Toutes les familles sont un jour confrontées à une histoire d’héritage. La Croatie et la France sont en plein dedans, marchant vingt ans après sur les traces de leurs glorieux aînés de 1998. Si les Bleus ne pourront au mieux qu’égaler la bande de Zidane, les coéquipiers de Luka Modrić subissent de plein fouet cette pression depuis qu’ils ont l’opportunité, en demie face à l’Angleterre, de dépasser Davor Šuker & Co, à savoir s’inviter en finale d’une Coupe du monde. « L’objectif maintenant, c’est de faire un peu mieux que 1998, avouait Danijel Subašić quelques heures après avoir écarté difficilement les Russes. Et ça serait encore mieux si c’est une finale contre la France. » Exhortés à fracasser ce plafond de verre, les Vatrani actuels sont renvoyés en permanence à une épopée vieille de 20 ans. Quoi de plus logique quand on parle de l’acte de naissance sur le plan sportif d’une jeune nation, sortie de nulle part lors du Mondial en France.
Laisser la place
D’ailleurs, aucun membre de la sélection n’a pu avancer lors de ce Mondial sans sentir le poids de cette histoire, glissée dans leurs poches par les médias et tout un peuple. Bien avant que le tournoi ne débute, le sélectionneur Zlatko Dalić était attendu sur ce sujet, qu’il abordait de manière très prudente. « Nous allons essayer de nous approcher d’eux, même si ce sera difficile de répéter ce parcours, assurait-il. Mais nous essaierons. » Que faire d’autre que jouer l’humilité, quand la Croatie n’a connu entre-temps que désillusions et trous noirs ? La sélection au damier n’est pas sortie des poules en trois éditions de Coupe du monde, et n’a remporté aucun match dans la phase à élimination directe dans les différents Euro.

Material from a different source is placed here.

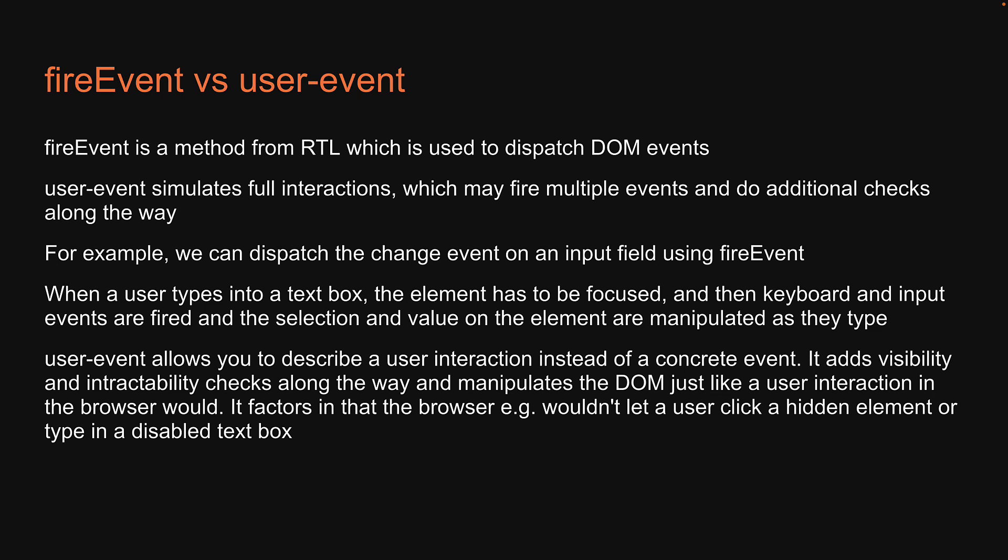UserEvent, unlike FireEvent, allows you to describe a full user interaction instead of a concrete event. It adds visibility and interactability checks along the way and manipulates the DOM just like a user interaction in the browser would.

Mais une fois ce complexe écarté de manière étriquée et haletante face au Danemark et la Russie, il n’a pas fallu longtemps pour que le parallèle avec les grands anciens resurgisse. « Nous respectons la génération 1998. C’est l’équipe croate qui a connu le plus de succès jusqu’à aujourd’hui et ils ont mis la barre tellement haut, que personne n’a pu l’atteindre en vingt ans, traduisait Dejan Lovren. Mais notre équipe actuelle est très forte, et nous avons une chance de dépasser cette génération. » Comme une sorte d’œdipe à régler alors que les anciens sont enfin prêts à ce que les jeunes effacent leur record des tablettes.
Comme il le confait à l’AFP, Miroslav Blažević a été « un peu orgueilleux jusqu’à il y a quatre ou cinq ans » , s’accrochant comme une moule à son rocher à sa troisième place historique. Mais le sélectionneur emblématique est « désormais prêt à tout donner pour que cette équipe entre dans l’histoire et qu’à l’avenir on parle d’eux » . Même chose pour le milieu de terrain de l’époque Robert Prosinečki : « 1998 ne devrait et ne sera pas oublié, mais j’aimerais tellement que les Flamboyants de 1998 soient éjectés, que l’on ne parle pas seulement de 1998, mais aussi de 2018. » L’heure pour eux d’entrer dans les livres d’histoire pour de bon afin de laisser la Croatie construire son présent, alors que les rues de Zagreb ou de Split commencent enfin à s’enflammer pour cette sélection.
Faire mieux, au moins
Mais même la demi-finale atteinte, la mission n’est pas encore réussie. Il y a vingt ans, la Croatie avait frappé fort en sortant en quarts de finale l’Allemagne, sur un score sans appel (3-0). « Le match de nos vies » , aime répéter le capitaine Zvonimir Boban à propos de cette date fondatrice. Et il aura fallu un doublé de Lilian Thuram pour les empêcher de rêver au titre suprême. Aujourd’hui, si Danijel Subašić venait à encaisser deux banderilles de Kieran Trippier, pas dit que le pays reste autant marqué dans vingt ans par un parcours où les Vatrani sont, hormis une mi-temps de folie contre l’Argentine, toujours passés par un trou de souris.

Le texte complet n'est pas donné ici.